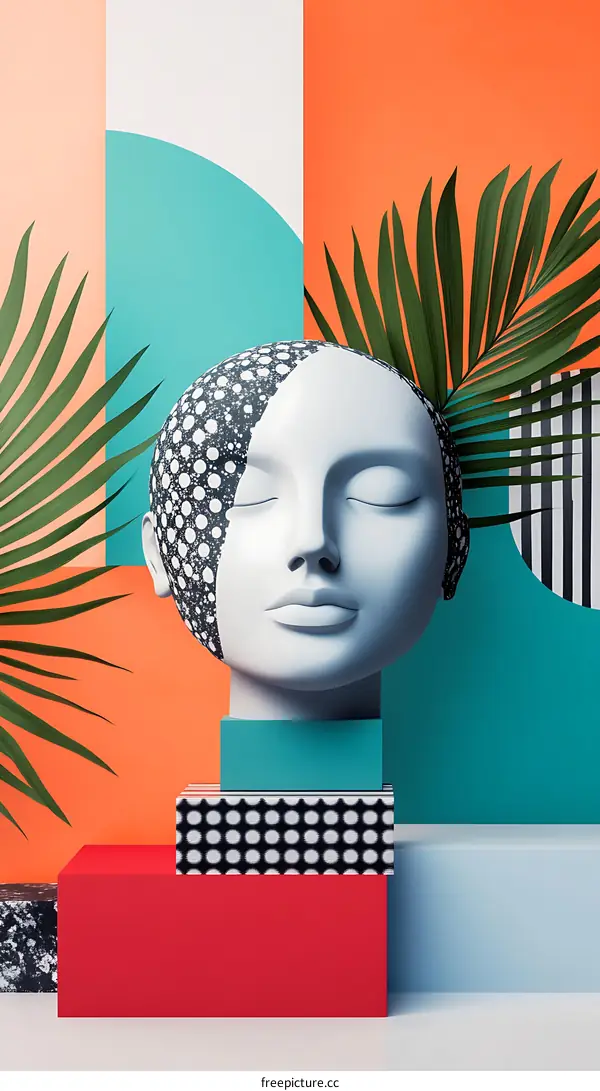 Abstract Art Sculpture With Palm Leaves And Colorful Background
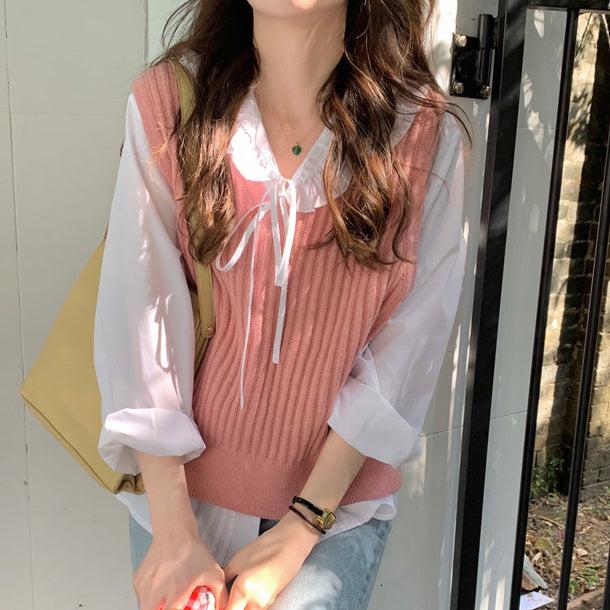 Vネックリブニットベスト 5112-pink_お取り寄せ51123-画像3-韓国ファッション通販POPREA［ポップリア］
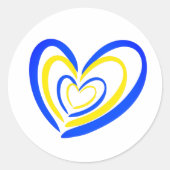 ブルーイエローハートウキインスパイアラ平和アンチ戦争 ラウンドシール (正面)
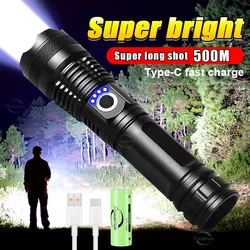 Latest Upgrade XHP50 Flashlight Waterproof Rechargeable Multi-Mode Torch Zoom Outdoor Work Light Camping Lantern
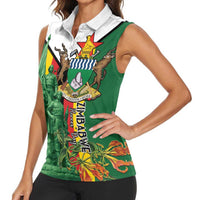Personalized Zimbabwe Heroes' Day Women Sleeveless Polo Shirt Liberation War Memorial Monument - Wonder Print Shop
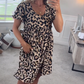 ⏳Tidsbegränsat specialerbjudande⏰Kvinnors avslappnade miniklänning med leopardmönster👗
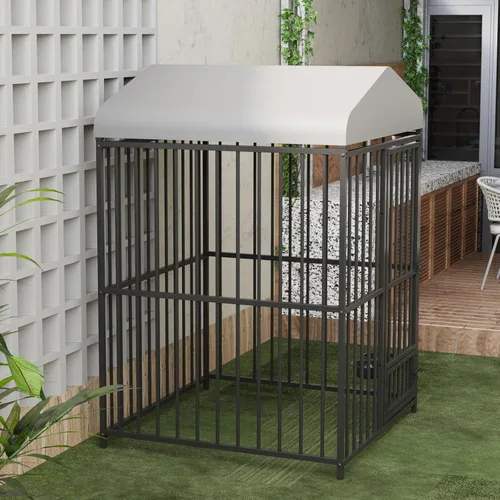 Vista 9 de GarveeTech Jaula para perros de 8 x 8 x 6 pies, jaula de metal resistente con cubierta superior impermeable, cuenco de alimentación giratorio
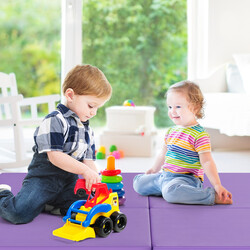 Mjuk vikbar träningsmatta för yoga och gymnastik lila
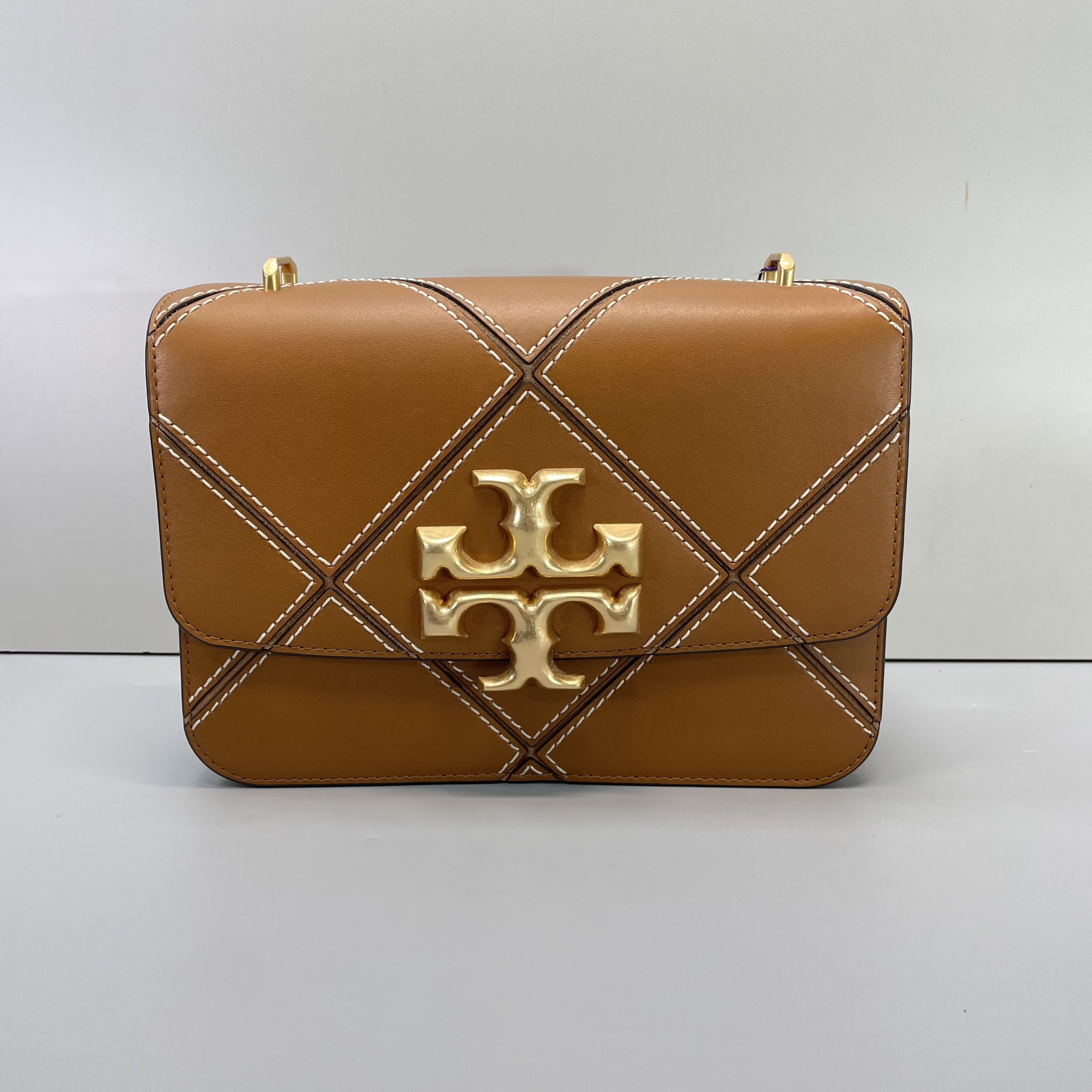 99新 TORY BURCH/汤丽柏琦 媚姐/棕色大金砖包23X17X7cmG021064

**REQUIREMENT:**
Your answer must be the lines from the one containing "Personalized Zimbabwe Heroes'" through the final line of the entries, duplicated exactly, with both ends kept and all pictures left out.

**TASK ANSWER:**
Personalized Zimbabwe Heroes' Day Women Sleeveless Polo Shirt Liberation War Memorial Monument - Wonder Print Shop
 ⏳Tidsbegränsat specialerbjudande⏰Kvinnors avslappnade miniklänning med leopardmönster👗
 Vista 9 de GarveeTech Jaula para perros de 8 x 8 x 6 pies, jaula de metal resistente con cubierta superior impermeable, cuenco de alimentación giratorio
 Mjuk vikbar träningsmatta för yoga och gymnastik lila
 99新 TORY BURCH/汤丽柏琦 媚姐/棕色大金砖包23X17X7cmG021064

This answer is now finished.